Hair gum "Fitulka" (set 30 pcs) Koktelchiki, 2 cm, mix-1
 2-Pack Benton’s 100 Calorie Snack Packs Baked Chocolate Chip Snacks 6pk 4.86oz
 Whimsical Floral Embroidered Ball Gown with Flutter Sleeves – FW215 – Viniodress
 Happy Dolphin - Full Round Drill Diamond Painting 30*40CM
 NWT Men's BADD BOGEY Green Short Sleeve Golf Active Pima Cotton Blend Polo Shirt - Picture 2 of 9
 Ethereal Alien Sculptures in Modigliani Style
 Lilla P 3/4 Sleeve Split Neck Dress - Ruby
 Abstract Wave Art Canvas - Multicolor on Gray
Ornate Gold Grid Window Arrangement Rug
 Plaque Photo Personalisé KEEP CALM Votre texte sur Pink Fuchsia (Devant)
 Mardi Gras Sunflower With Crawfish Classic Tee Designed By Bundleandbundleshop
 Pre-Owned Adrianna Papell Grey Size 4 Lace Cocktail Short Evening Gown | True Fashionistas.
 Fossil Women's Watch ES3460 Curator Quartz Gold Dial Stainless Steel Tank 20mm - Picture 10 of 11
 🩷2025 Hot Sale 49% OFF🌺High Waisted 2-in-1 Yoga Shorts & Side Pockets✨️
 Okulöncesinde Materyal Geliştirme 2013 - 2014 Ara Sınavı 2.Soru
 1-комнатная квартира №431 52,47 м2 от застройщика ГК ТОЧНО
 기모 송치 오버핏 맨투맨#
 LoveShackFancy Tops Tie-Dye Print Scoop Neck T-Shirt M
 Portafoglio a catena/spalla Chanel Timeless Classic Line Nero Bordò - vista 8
********
**WHAT YOU WILL DO:** Each entry, exactly as written, should be set down once more.

**RESULT OF THE TASK:**
Hair gum "Fitulka" (set 30 pcs) Koktelchiki, 2 cm, mix-1
 2-Pack Benton’s 100 Calorie Snack Packs Baked Chocolate Chip Snacks 6pk 4.86oz
 Whimsical Floral Embroidered Ball Gown with Flutter Sleeves – FW215 – Viniodress
 Happy Dolphin - Full Round Drill Diamond Painting 30*40CM
 NWT Men's BADD BOGEY Green Short Sleeve Golf Active Pima Cotton Blend Polo Shirt - Picture 2 of 9
 Ethereal Alien Sculptures in Modigliani Style
 Lilla P 3/4 Sleeve Split Neck Dress - Ruby
 Abstract Wave Art Canvas - Multicolor on Gray
Ornate Gold Grid Window Arrangement Rug
 Plaque Photo Personalisé KEEP CALM Votre texte sur Pink Fuchsia (Devant)
 Mardi Gras Sunflower With Crawfish Classic Tee Designed By Bundleandbundleshop
 Pre-Owned Adrianna Papell Grey Size 4 Lace Cocktail Short Evening Gown | True Fashionistas.
 Fossil Women's Watch ES3460 Curator Quartz Gold Dial Stainless Steel Tank 20mm - Picture 10 of 11
 🩷2025 Hot Sale 49% OFF🌺High Waisted 2-in-1 Yoga Shorts & Side Pockets✨️
 Okulöncesinde Materyal Geliştirme 2013 - 2014 Ara Sınavı 2.Soru
 1-комнатная квартира №431 52,47 м2 от застройщика ГК ТОЧНО
 기모 송치 오버핏 맨투맨#
 LoveShackFancy Tops Tie-Dye Print Scoop Neck T-Shirt M
 Portafoglio a catena/spalla Chanel Timeless Classic Line Nero Bordò - vista 8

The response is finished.